CAAF Excludes Evidence From Faulty Search and Seizure

The Court of Appeals for the Armed Forces (CAAF) released its first opinion of the October 2020 term. In United States v. White, the Court upheld a military judge’s ruling excluding evidence discovered during a search.


A federal agency notified NCIS that a man named Villanueva was involved in live streaming sex shows involving minors in the Philippines. Villanueva directed customers to make payment to someone named Noriega. Investigators examined the money transfer records to Noriega and found that someone with an email address and home address linked to Petty Officer White had sent $10 to Noriega. Additionally, Petty Officer White appeared to have sent several money transfers to other accounts in the Philippines, primarily to an area where several suspected child exploiters operated.
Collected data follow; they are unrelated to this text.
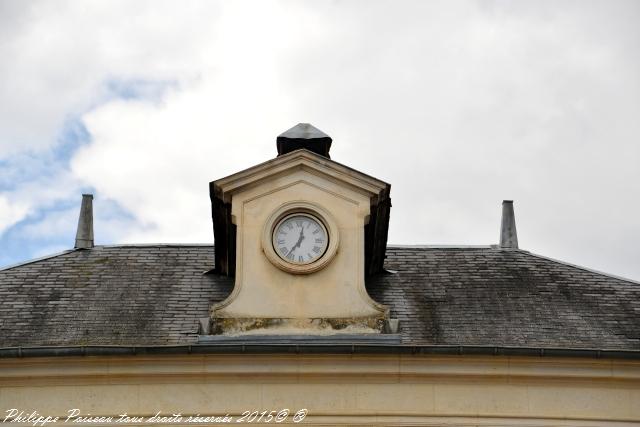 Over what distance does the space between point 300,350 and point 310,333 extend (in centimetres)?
56

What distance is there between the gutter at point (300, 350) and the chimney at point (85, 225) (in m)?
3.78

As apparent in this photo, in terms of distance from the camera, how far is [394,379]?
1513 cm

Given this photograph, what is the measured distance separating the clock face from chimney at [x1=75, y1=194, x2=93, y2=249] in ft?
13.3

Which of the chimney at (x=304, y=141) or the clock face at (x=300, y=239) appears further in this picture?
the chimney at (x=304, y=141)

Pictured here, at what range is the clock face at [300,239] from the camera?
1603 centimetres

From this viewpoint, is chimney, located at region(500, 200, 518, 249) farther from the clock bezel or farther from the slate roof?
the clock bezel

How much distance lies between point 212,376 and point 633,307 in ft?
21.2

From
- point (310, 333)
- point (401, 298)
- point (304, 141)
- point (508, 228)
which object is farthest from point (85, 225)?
point (508, 228)

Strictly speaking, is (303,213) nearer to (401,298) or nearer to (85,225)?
(401,298)

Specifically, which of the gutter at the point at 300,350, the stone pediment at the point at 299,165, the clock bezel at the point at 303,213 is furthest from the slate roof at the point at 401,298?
the stone pediment at the point at 299,165

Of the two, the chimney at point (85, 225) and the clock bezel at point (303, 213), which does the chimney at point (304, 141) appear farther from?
the chimney at point (85, 225)

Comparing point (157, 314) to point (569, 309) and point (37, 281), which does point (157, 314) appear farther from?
point (569, 309)

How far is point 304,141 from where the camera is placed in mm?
17562

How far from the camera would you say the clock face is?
16031mm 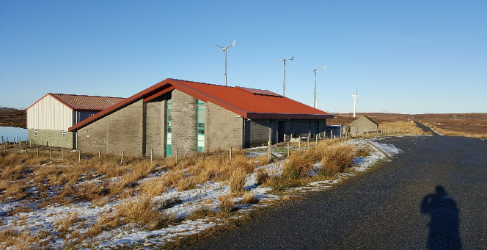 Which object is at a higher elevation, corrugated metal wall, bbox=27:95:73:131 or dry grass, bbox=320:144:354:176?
corrugated metal wall, bbox=27:95:73:131

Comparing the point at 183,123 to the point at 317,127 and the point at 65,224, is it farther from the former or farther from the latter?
the point at 65,224

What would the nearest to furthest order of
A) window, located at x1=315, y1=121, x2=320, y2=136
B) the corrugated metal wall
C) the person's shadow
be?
the person's shadow < window, located at x1=315, y1=121, x2=320, y2=136 < the corrugated metal wall

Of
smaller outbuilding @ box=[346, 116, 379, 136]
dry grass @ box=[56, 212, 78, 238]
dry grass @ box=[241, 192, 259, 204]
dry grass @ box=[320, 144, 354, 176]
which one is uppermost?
smaller outbuilding @ box=[346, 116, 379, 136]

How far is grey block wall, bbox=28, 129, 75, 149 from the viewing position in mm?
33188

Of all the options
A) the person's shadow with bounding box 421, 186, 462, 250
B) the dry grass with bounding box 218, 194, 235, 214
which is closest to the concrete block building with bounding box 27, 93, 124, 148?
the dry grass with bounding box 218, 194, 235, 214

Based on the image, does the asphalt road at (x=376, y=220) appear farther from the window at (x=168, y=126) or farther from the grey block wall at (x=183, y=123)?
the window at (x=168, y=126)

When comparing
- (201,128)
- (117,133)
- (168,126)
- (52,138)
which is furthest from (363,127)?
(52,138)

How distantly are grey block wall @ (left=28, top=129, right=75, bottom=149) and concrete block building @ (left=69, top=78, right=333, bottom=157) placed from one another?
4.70 meters

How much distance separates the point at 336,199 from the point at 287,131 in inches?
720

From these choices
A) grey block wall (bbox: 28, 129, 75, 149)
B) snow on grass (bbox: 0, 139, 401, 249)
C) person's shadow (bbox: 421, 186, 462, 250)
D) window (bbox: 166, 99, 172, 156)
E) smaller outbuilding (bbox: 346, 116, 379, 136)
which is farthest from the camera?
smaller outbuilding (bbox: 346, 116, 379, 136)

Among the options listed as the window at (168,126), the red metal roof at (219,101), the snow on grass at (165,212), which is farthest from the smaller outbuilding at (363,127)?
the snow on grass at (165,212)

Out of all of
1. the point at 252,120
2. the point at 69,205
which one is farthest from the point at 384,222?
the point at 252,120

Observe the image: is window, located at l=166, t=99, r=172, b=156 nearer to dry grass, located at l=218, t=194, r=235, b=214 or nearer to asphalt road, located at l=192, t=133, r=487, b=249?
asphalt road, located at l=192, t=133, r=487, b=249

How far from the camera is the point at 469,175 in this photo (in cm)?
1298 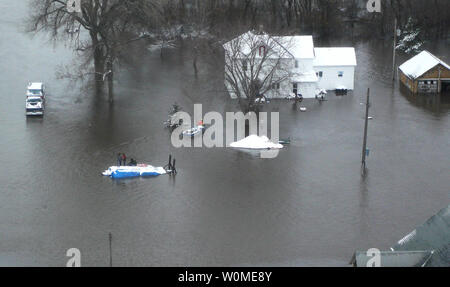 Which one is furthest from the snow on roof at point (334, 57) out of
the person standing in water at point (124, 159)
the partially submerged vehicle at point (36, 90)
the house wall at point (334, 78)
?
the person standing in water at point (124, 159)

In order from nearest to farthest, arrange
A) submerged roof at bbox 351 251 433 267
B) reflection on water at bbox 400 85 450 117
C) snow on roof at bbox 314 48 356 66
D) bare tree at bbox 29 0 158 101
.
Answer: submerged roof at bbox 351 251 433 267 → reflection on water at bbox 400 85 450 117 → bare tree at bbox 29 0 158 101 → snow on roof at bbox 314 48 356 66

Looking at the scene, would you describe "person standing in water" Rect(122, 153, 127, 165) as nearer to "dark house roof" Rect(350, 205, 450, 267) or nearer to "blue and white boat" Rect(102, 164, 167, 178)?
"blue and white boat" Rect(102, 164, 167, 178)

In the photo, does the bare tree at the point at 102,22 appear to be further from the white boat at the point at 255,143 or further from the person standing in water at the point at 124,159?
the person standing in water at the point at 124,159

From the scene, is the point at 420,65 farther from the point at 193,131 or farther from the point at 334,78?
the point at 193,131

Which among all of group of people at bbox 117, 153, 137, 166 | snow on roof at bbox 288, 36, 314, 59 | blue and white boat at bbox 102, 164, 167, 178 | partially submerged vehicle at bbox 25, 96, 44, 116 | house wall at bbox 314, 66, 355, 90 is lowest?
blue and white boat at bbox 102, 164, 167, 178

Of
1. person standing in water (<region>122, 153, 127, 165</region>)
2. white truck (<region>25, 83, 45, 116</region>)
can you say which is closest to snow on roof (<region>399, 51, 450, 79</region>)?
person standing in water (<region>122, 153, 127, 165</region>)

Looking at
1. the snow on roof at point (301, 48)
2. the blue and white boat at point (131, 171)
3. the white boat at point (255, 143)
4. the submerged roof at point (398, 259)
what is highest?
the snow on roof at point (301, 48)

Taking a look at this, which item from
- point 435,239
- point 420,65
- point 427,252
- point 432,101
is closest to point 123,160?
point 435,239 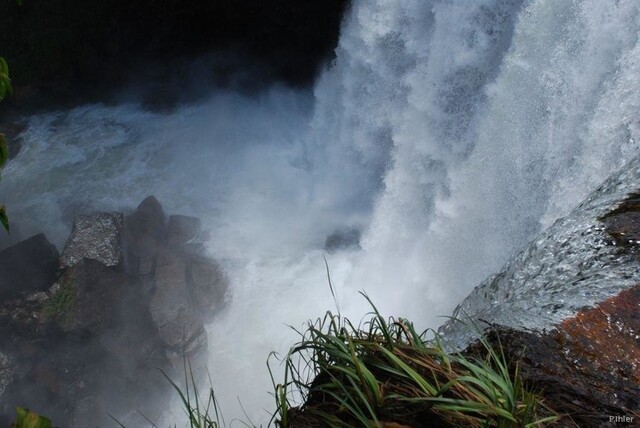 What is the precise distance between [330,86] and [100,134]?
5.47 m

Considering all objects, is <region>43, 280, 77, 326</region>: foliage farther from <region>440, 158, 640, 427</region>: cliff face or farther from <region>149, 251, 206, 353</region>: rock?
<region>440, 158, 640, 427</region>: cliff face

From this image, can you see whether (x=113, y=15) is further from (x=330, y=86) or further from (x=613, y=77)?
(x=613, y=77)

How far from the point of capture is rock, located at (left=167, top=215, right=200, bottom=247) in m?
9.56

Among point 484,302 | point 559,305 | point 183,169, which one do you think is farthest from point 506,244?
point 183,169

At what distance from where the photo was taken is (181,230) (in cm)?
965

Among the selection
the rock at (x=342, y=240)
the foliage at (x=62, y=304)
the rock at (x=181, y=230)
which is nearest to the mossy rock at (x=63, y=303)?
the foliage at (x=62, y=304)

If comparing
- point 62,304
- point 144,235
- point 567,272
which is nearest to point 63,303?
point 62,304

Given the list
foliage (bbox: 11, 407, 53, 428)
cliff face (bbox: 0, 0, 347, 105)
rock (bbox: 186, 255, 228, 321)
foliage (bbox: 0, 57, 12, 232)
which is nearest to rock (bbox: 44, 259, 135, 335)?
rock (bbox: 186, 255, 228, 321)

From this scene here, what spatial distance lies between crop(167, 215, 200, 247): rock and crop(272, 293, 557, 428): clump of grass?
8367mm

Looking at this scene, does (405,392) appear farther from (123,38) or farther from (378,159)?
(123,38)

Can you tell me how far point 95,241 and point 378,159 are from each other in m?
4.90

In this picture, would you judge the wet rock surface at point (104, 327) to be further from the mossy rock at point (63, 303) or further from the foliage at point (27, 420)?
the foliage at point (27, 420)

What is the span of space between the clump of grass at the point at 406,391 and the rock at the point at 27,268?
27.6 ft

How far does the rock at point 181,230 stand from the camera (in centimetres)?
956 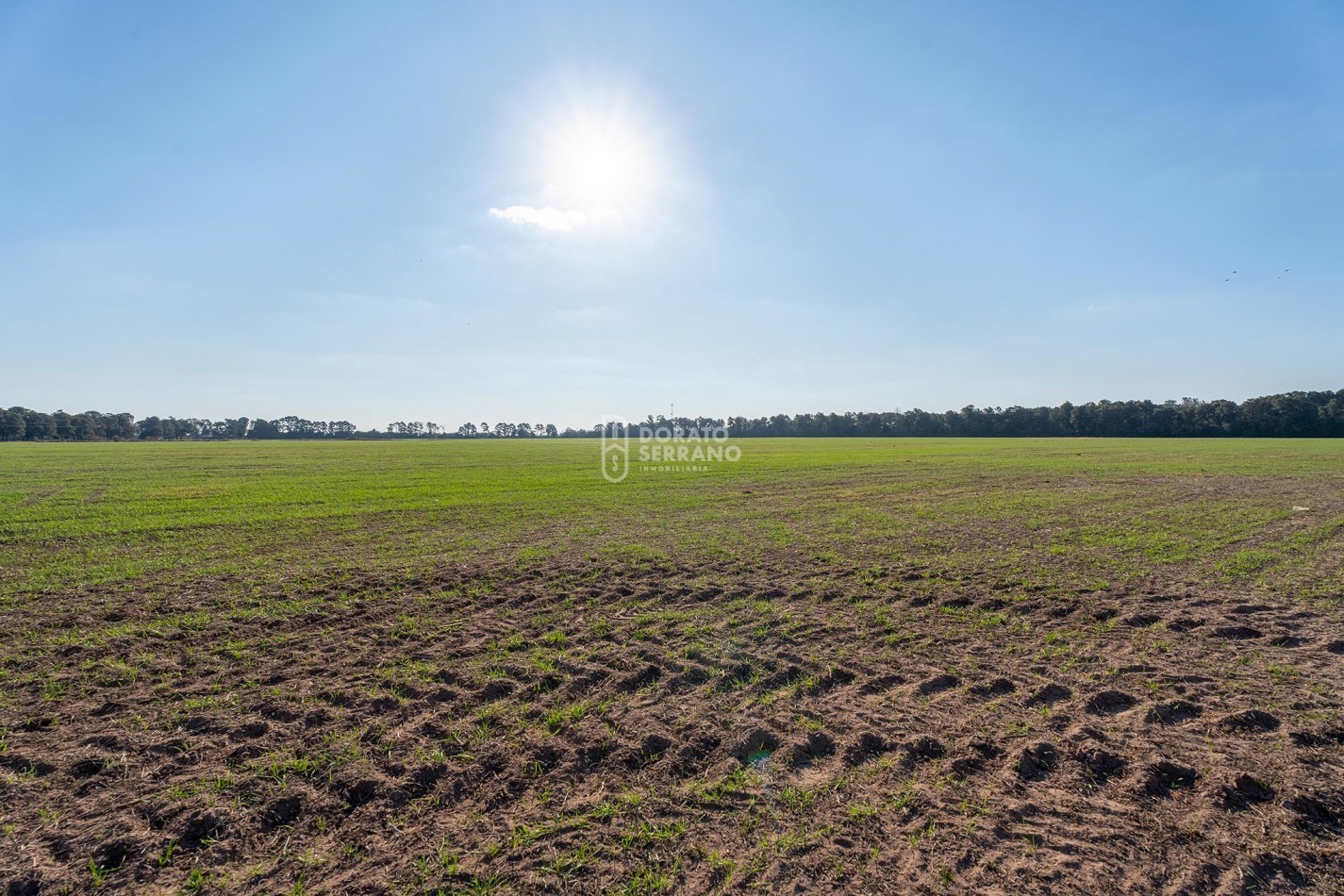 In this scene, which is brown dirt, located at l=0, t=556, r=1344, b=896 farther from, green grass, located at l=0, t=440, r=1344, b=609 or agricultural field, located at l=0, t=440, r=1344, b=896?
green grass, located at l=0, t=440, r=1344, b=609

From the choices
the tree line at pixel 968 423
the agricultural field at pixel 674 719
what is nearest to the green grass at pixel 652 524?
the agricultural field at pixel 674 719

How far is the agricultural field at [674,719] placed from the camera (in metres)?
3.87

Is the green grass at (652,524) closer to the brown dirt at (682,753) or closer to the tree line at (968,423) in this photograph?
the brown dirt at (682,753)

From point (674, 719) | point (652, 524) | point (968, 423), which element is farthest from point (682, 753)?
point (968, 423)

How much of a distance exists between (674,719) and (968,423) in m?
153

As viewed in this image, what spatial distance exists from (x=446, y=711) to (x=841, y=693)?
4205 mm

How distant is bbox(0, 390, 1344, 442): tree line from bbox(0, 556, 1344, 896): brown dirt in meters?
83.9

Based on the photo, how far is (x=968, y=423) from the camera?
458 feet

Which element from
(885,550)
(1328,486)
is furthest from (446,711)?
(1328,486)

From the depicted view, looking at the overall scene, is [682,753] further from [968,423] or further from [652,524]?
[968,423]

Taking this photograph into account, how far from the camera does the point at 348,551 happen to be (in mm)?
13172

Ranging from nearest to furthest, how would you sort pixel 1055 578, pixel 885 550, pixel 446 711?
pixel 446 711, pixel 1055 578, pixel 885 550

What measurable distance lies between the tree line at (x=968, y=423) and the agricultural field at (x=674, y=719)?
81162 millimetres

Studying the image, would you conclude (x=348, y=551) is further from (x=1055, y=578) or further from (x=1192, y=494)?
(x=1192, y=494) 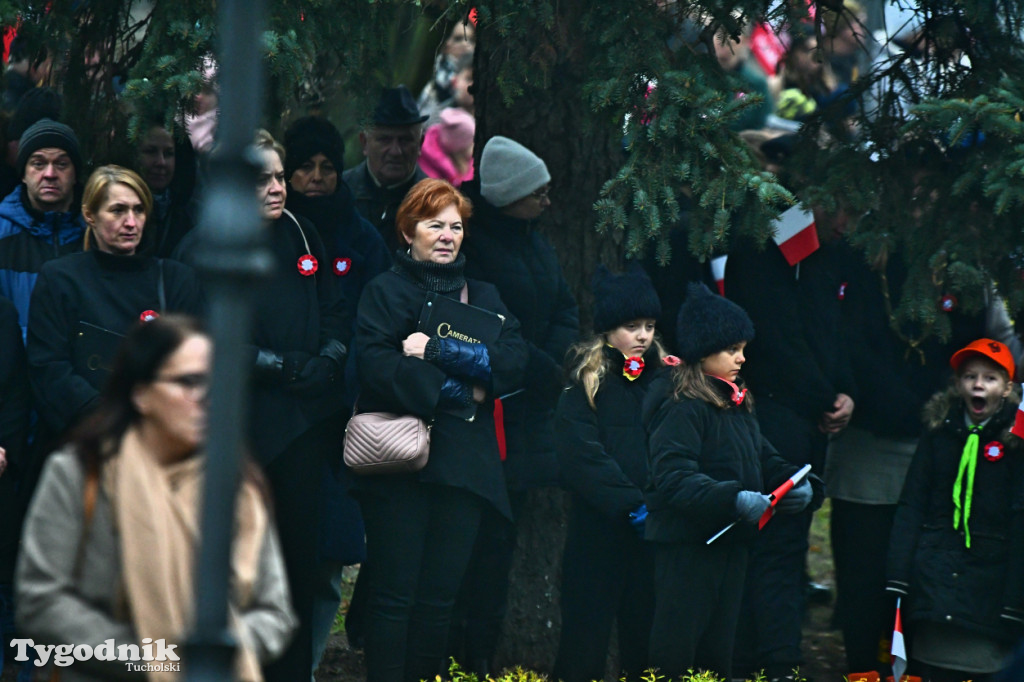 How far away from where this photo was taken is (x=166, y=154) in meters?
6.73

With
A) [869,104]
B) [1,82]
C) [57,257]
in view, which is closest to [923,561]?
[869,104]

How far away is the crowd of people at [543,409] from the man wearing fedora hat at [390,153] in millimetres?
603

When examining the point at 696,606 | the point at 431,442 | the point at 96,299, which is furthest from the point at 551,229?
the point at 96,299

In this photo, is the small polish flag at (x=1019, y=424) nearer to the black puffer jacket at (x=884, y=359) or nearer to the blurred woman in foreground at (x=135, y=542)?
the black puffer jacket at (x=884, y=359)

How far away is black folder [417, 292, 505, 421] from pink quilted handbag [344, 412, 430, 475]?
254 mm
Based upon this information, NCIS sought to search Petty Officer White’s home, person, and vehicle for evidence of child pornography and child exploitation and to seize all electronics. An NCIS agent prepared an affidavit and presented it to the Commander, who authorized the search. Petty Officer White was charged with three specifications of possession of child pornography based upon what the investigators found.

Military Judge’s Ruling

At trial, Petty Officer White’s defense attorney challenged the search, claiming that the affidavit did not provide probable cause for the search. Information provided to an individual authorizing a search must establish a fair probability that evidence of a crime would be found in the place sought to be searched. The military judge agreed and found that the search authorization was unjustified based upon the lack of probable cause. The money transfer information did not establish a fair probability that Petty Officer White would possess child pornography on his electronic devices.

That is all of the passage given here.